George Box, a famous statistician, once remarked, “All models are wrong, and some are useful.”
As representations or approximations of real-world phenomena, models, when done well, can be very useful. In fact, they serve as the third leg to the stool that is data-driven discovery, joining the published literature and its underlying data to give investigators the materials necessary to explore important dynamics in health and biomedicine.
By isolating and replicating key aspects within complex phenomena, models help us better understand what’s going on and how the pieces or processes fit together.
Because of the complexity within biomedicine, health care research must employ different kinds of models, depending on what’s being looked at.
Regardless of the type used, however, models take time to build, because the model builder must first understand the elements of the phenomena that must be represented. Only then can she select the appropriate modeling tools and build the model.
Tracking and storing models can help with that.
Not only would tracking models enable re-use—saving valuable time and money—but doing so would enhance the rigor and reproducibility of the research itself by giving scientists the ability to see and test the methodology behind the data.
As we’ve done for the literature, libraries can help document and preserve models and make them discoverable.
The first step in that is identifying and collecting useful models.
Second, we’d have to apply metadata to describe the models. Among the essential elements to include in such descriptions might be model type, purpose, key underlying assumptions, referent scale, and indicators of how and when the model was used.
We’d then need to apply one or more unique identifiers to help with curation. Currently, two different schema provide principled ways to identify models: the Digital Object Identifier (DOI) and the Research Resource Identifier (RRID). The former provides a persistent, unique code to track an item or entity at an overarching level (e.g., an article or book). The latter documents the main resources used to produce the scientific findings in that article or book (e.g., antibodies, model organisms, computational models).
Just as clicking on an author’s name in PubMed can bring up all the articles he or she has written, these interoperable identifiers, once assigned to research models, make it possible to connect the studies employing those models. Effectively, these identifiers can tie together the three components that underpin data-driven discovery—the literature, the supporting data, and the analytical tools—thus enhancing discoverability and streamlining scientific communication.
NLM’s long-standing role in collecting, organizing, and making available the biomedical literature positions us well to take on the task of tracking research models, but is that something we should do?
If so, what might that library of models look like? What else should it include? And how useful would this library of models be to you?
3 thoughts on “Models: The Third Leg in Data-Driven Discovery”
This is an exciting idea with the potential for creating a new way of mining scientific work. It includes at least two areas in need of testing, in my opinion:
– what sorts of models in what areas of research might be a good starting point, based on potential user perceptions and
– what descriptors would be needed, or whether RRIDs would be sufficient. I’m thinking especially of the social scientist’s need to find a model analogous to what they need.
Since one of the purposes of a library is to curate information and knowledge, I think it makes absolute sense that libraries, especially the NLM, do this.
I’ve been meaning to comment on this blog for a while. Your take on this is spot on. I would love to see pubmed become an access point for published models. Our European and New Zealand colleagues has some experience in building model repositories, eg biomodels. What’s missing is being able to go from the publication, eg PubMed, directly to the model. This would be incredibly useful. The key however is curation. Most of the models at these repositories are curated, meaning a check is made that the published model actually produces the published results. In addition, metadata is added to the model to assist in searching and to assist simulation tools. The scientific quality of the paper is not judged by this process, that’s for the manuscript reviewers. I think without curation the repositories would be largely full of models that didn’t work as published. For example before the advent of standards such as SBML, the bulk of published models were non-functional. This was discovered early on by the curators of repositories.

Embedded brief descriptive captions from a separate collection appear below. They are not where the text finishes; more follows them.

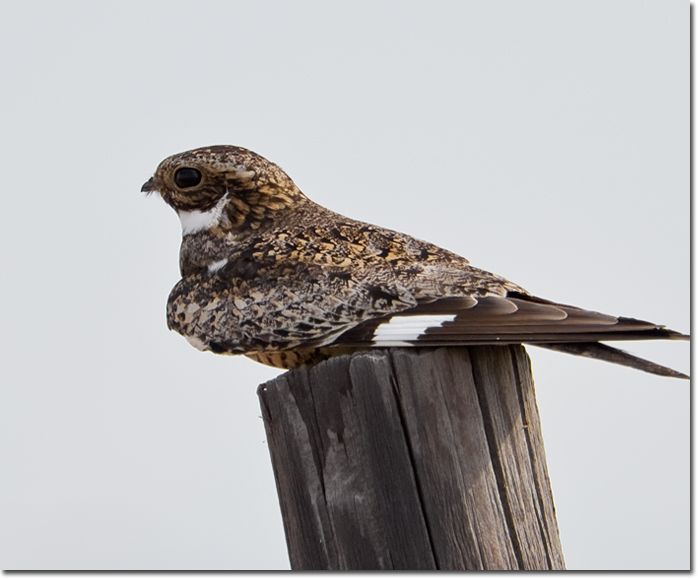 Backyard Bird Cam Common Nighthawk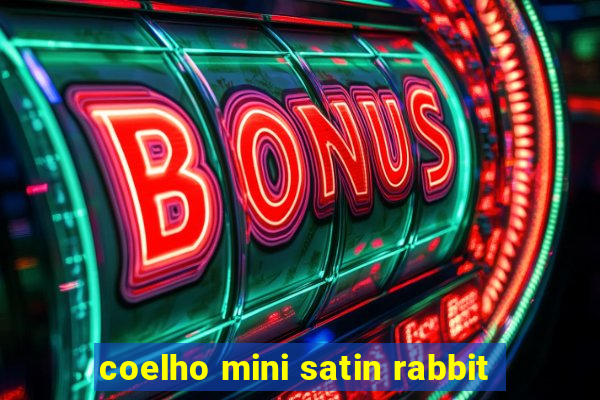 coelho mini satin rabbit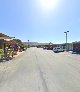 Natural Veterinary Therapy - Veterinarian in Carmel-By-The-Sea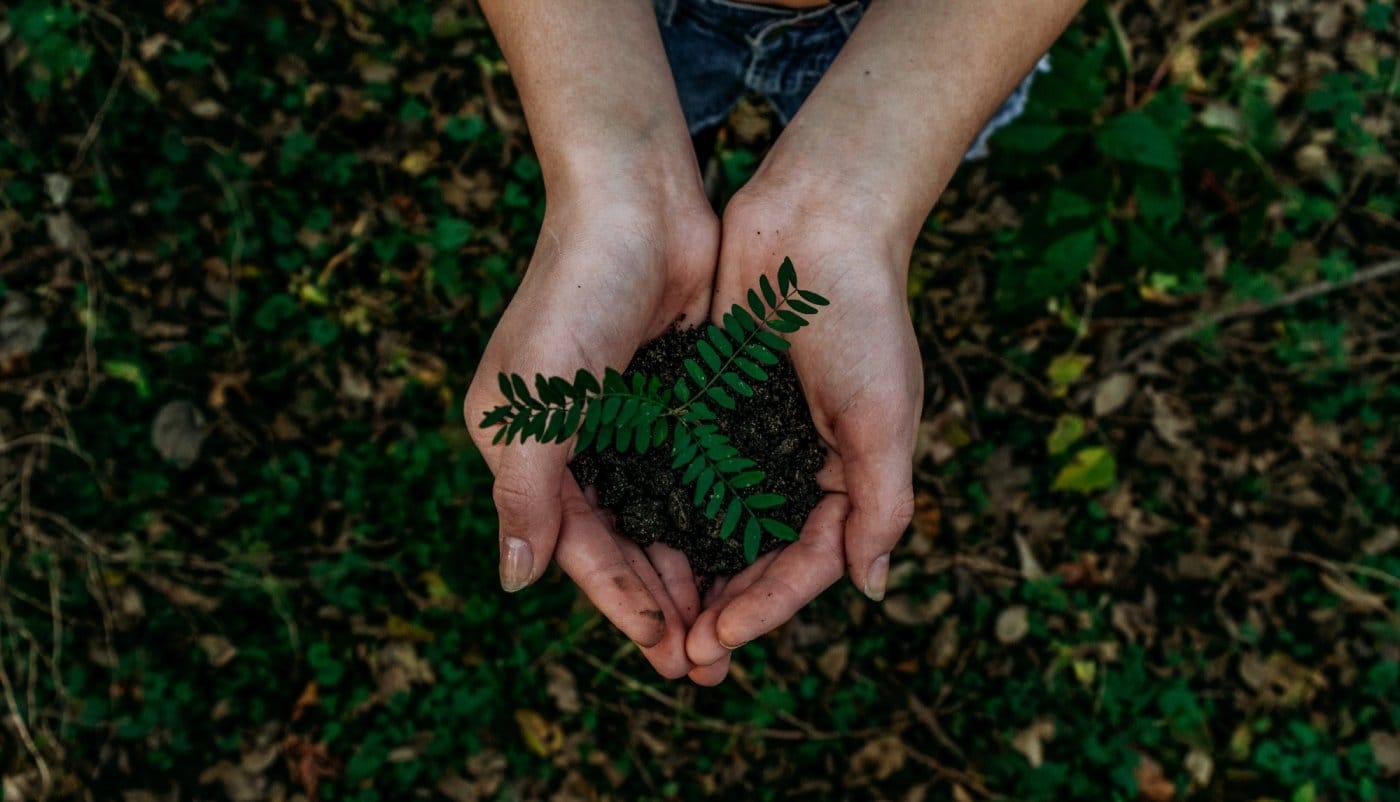 hands-holding-plant-in-forest.jpg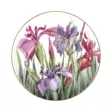 A00006628-20261002094824570.png - Keräilyesineet - A00006628 - 1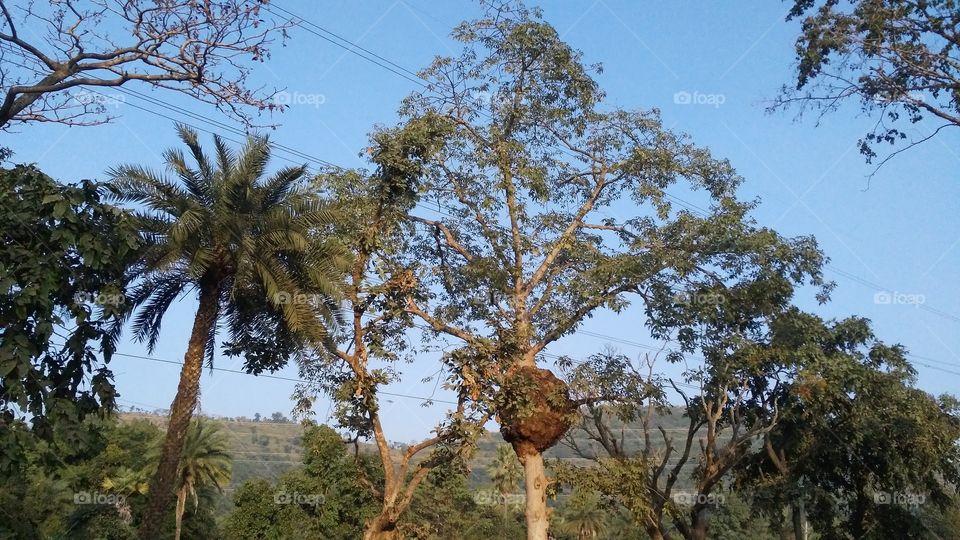 A very beautiful tree in the forest and a lump in the stem with it, which is very beautiful.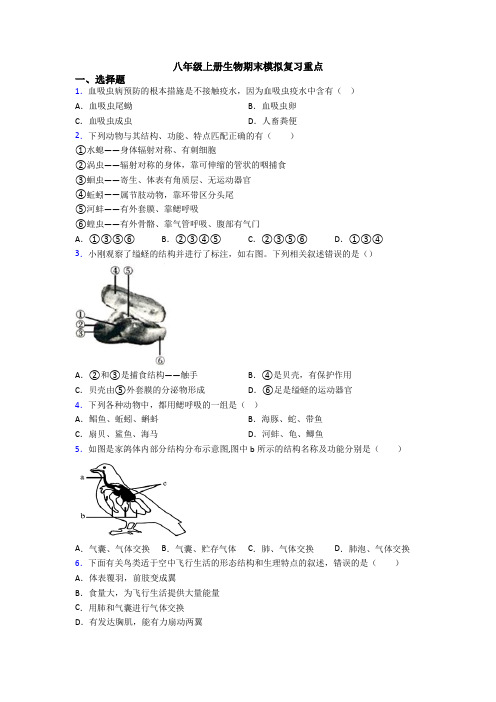 八年级上册生物期末模拟复习重点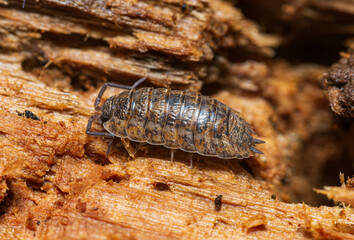 Trachelipus rathkii in rotten log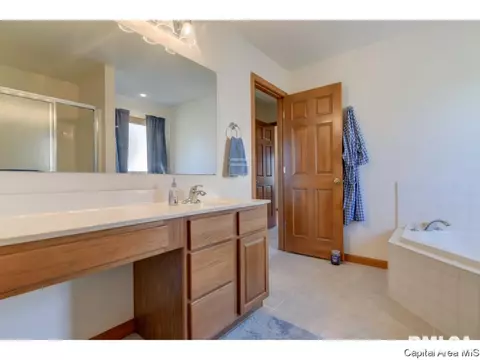 1409 Summershade Dr, Springfield, IL 62712 photo 21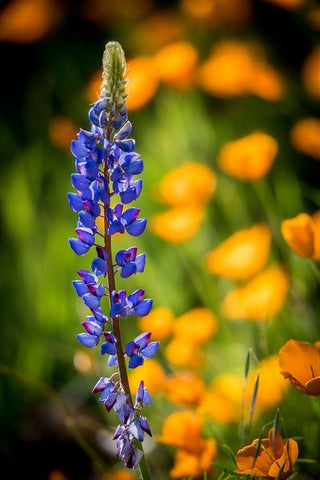 Lupines and poppies are two common wildflower that grow together. Black Modern Wood Framed Art Print by Sederquist, Betty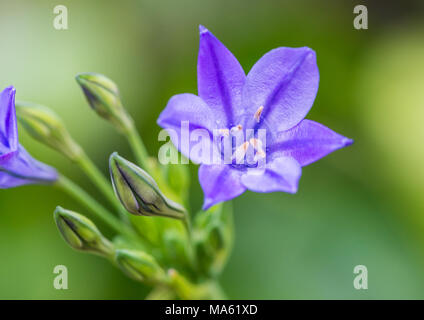 Un plan macro sur une grassnut bleu fleur. Banque D'Images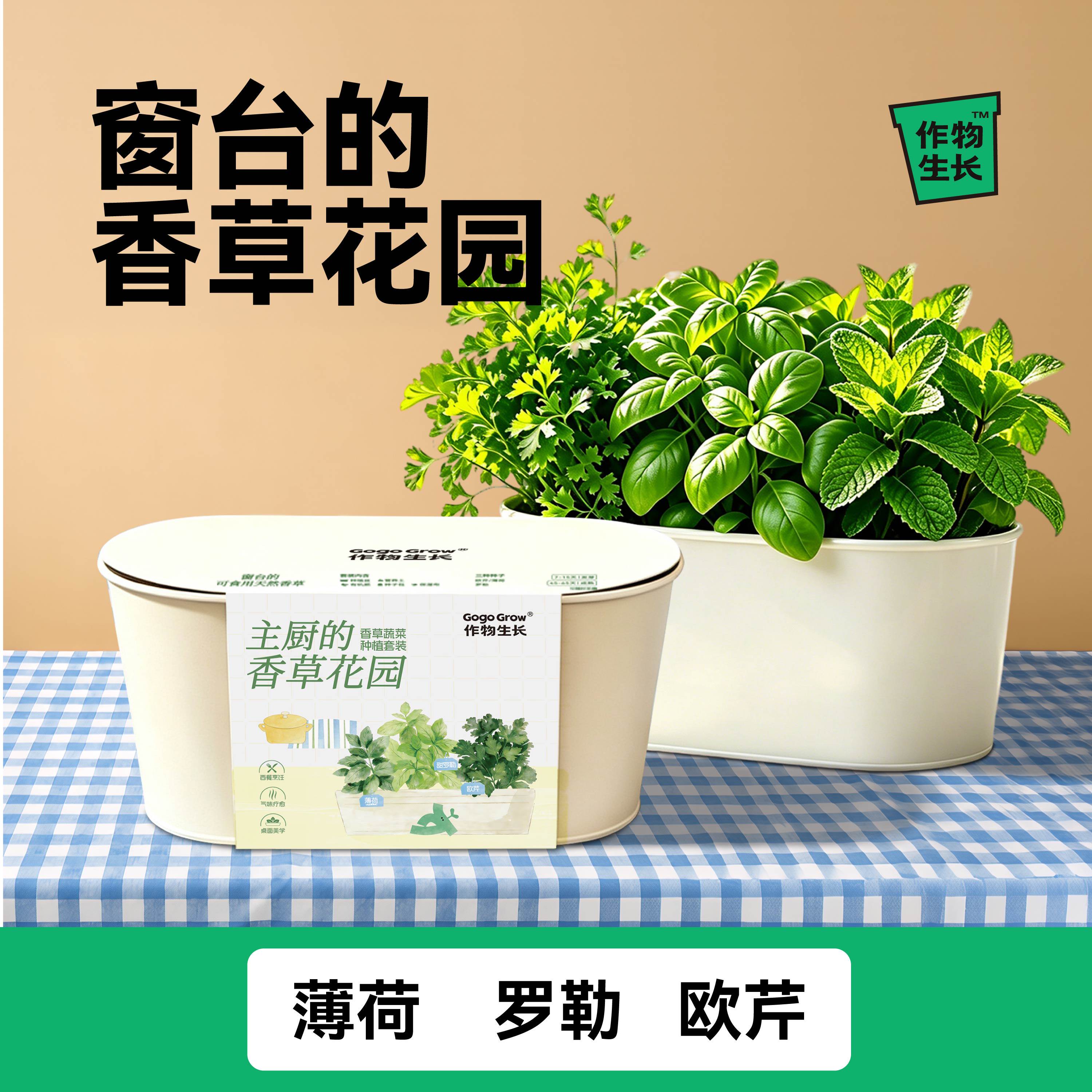 作物生长家庭种植园艺香草蔬菜套装阳台盆栽薄荷办公室工位种菜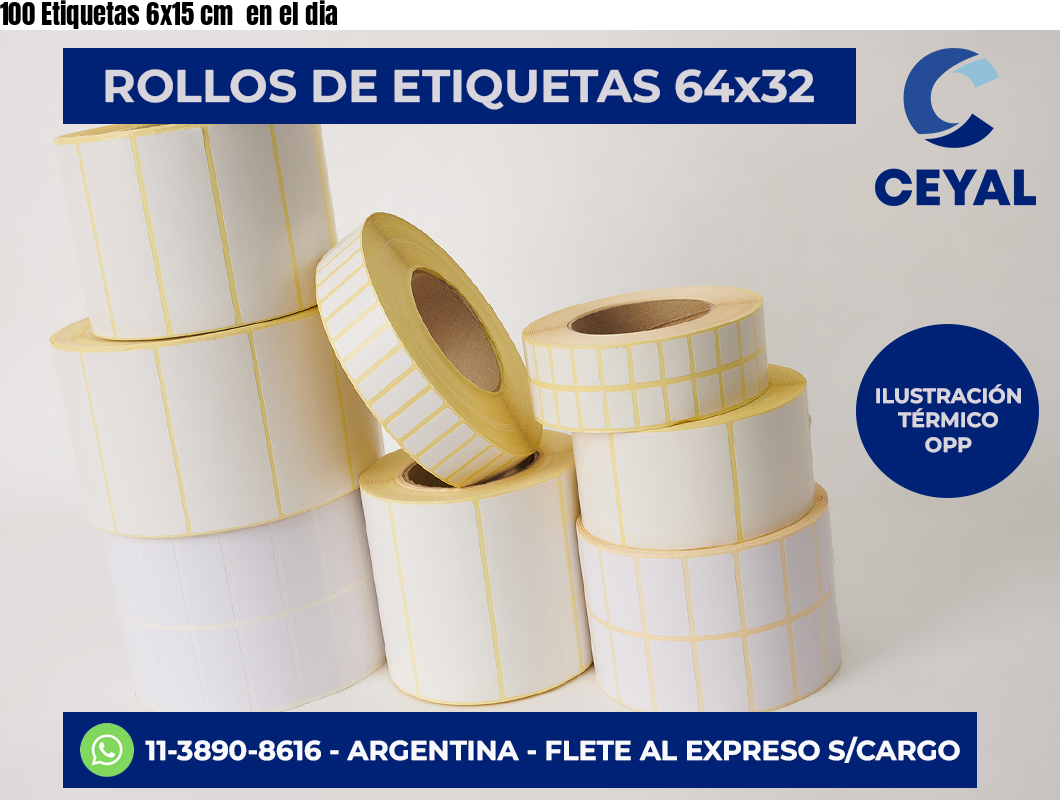 100 Etiquetas 6×15 cm  en el dia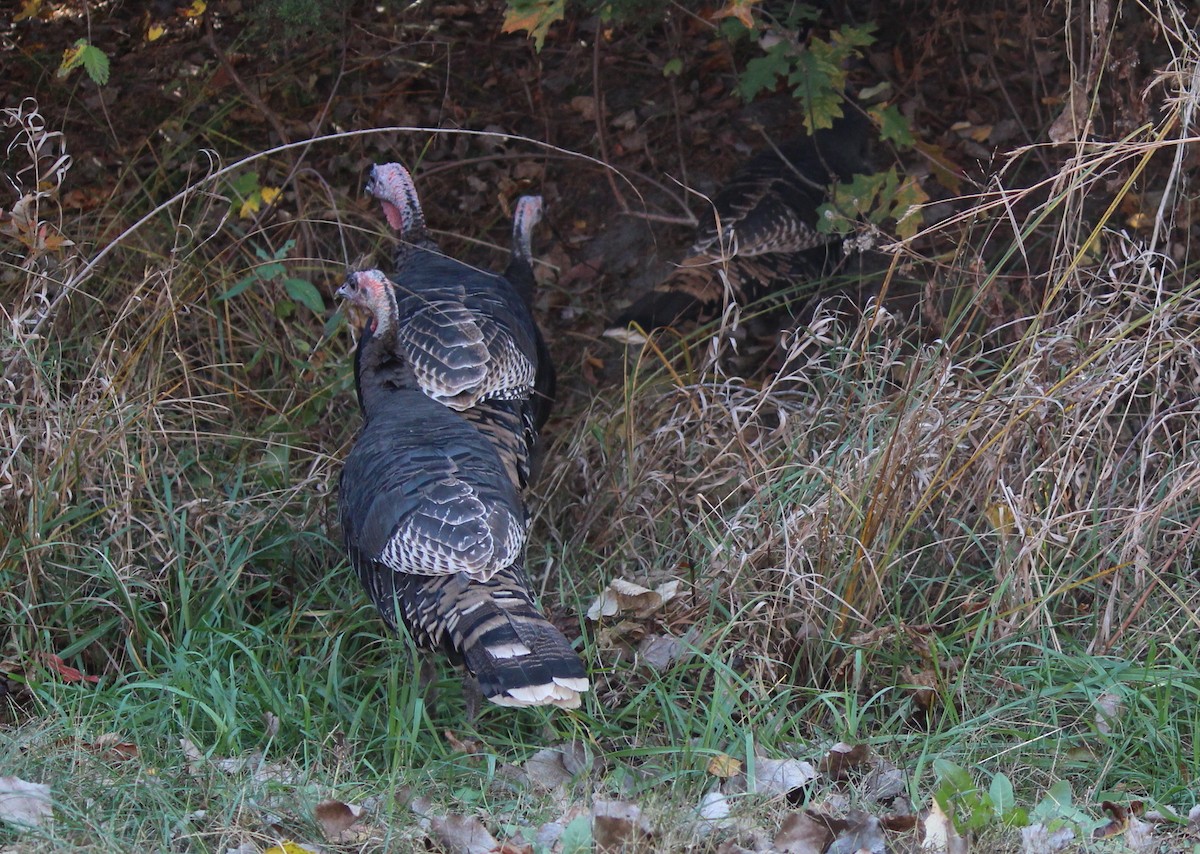 Wild Turkey - Charlotte Croshaw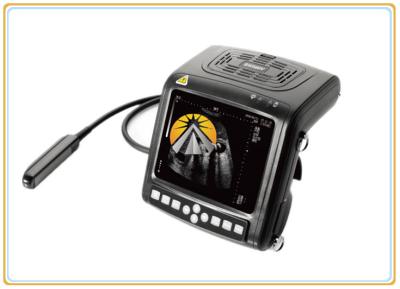 Horse Digital Wrist Top Ultrasound Scan Machine Compact Design 256 Frames Cine
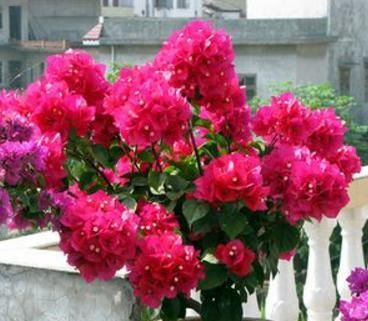 【蟹爪兰】春节家里放这3种花,变身“小花园”,开花一茬茬,让人心情愉悦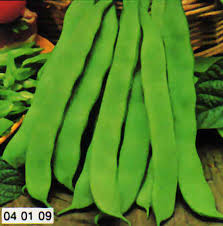 FAGIOLO MARCONI NANO SEME BIANCO GR.200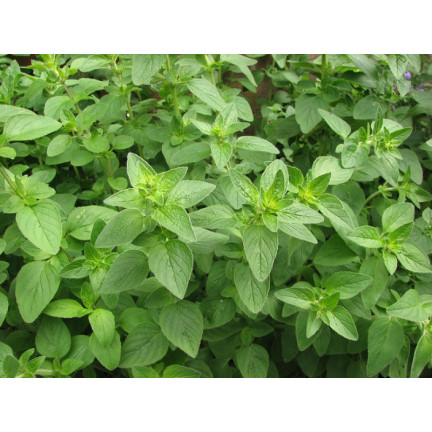 Z3026 OREGANO OREGANO KRÄUTERSAMEN AROMATISCHES KRAUT FÜR JEDE KÜCHE 0.5G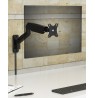ICY BOX IB-MS103-W 81.3 cm (32") Wall Black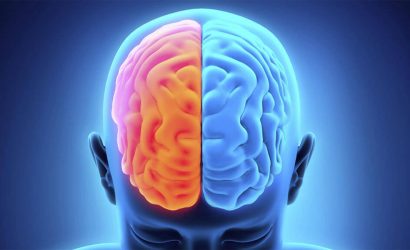 Beynimiz Sandığımızdan Daha Yakın: Bağırsaklarımız, İkinci Beynimiz!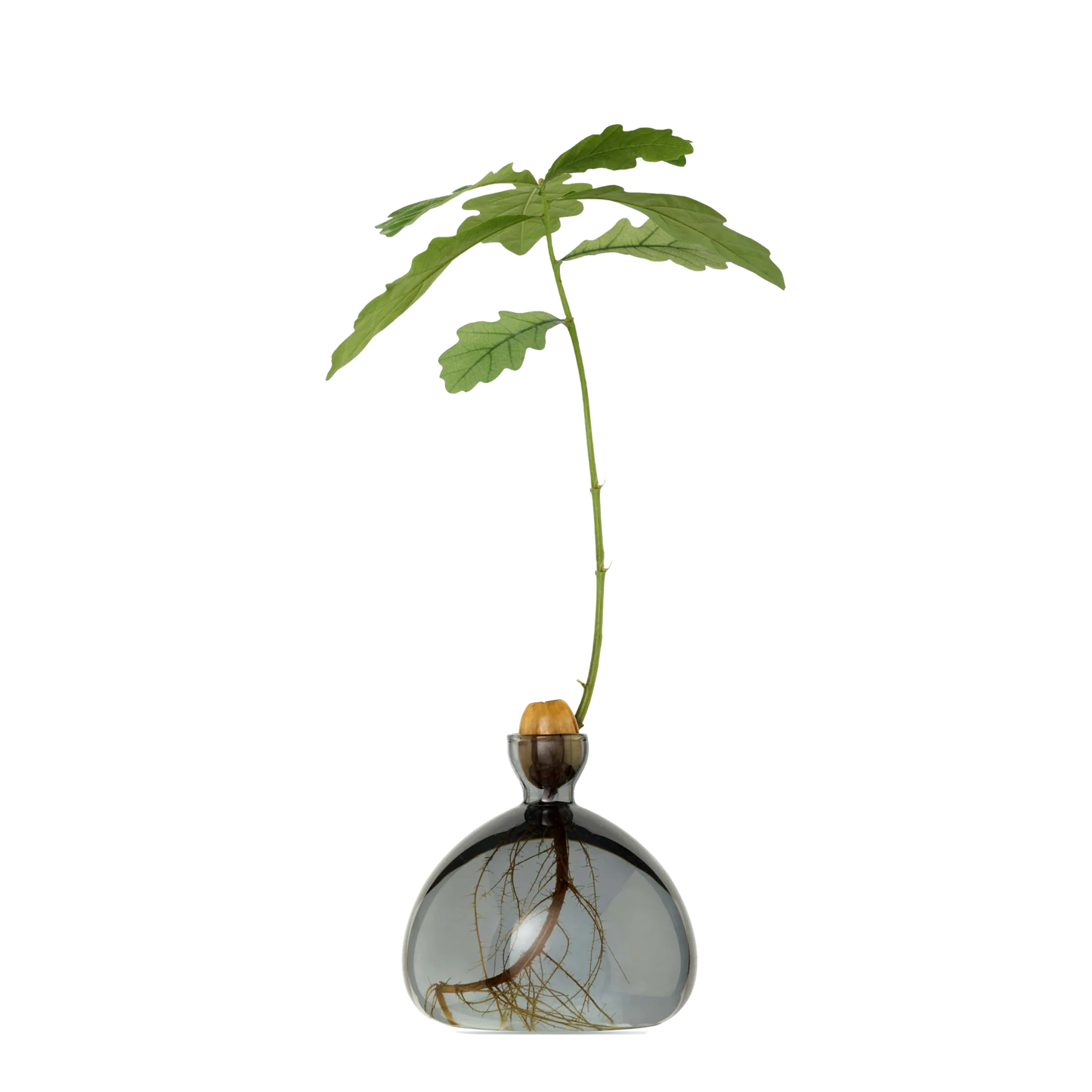 Glass vase with a plant on a white background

All the models on these repositories tend to be based on existing modeling markup languages. I don’t think the repositories store raw code such as Matlab etc. however there is probably a need to store such data. In terms of preference I would always vote for standard non-executable formats such as SBML, NeuroML and CellML simple because you can do a lot more with them. There will however be cases where the authors only have raw executable code so some mechanism needs to be in place to support that.
As for what models should look like, in the long term I’d like to see models published so that they include all the information necessary to reproduce, validate and reuse the model. I think you might be thinking along similar lines but that would be a long term project. In the short term a link from Pubmed either to NLM’s own repository or to the CellML and biomodels repositories would be a huge benefit to the modeling community.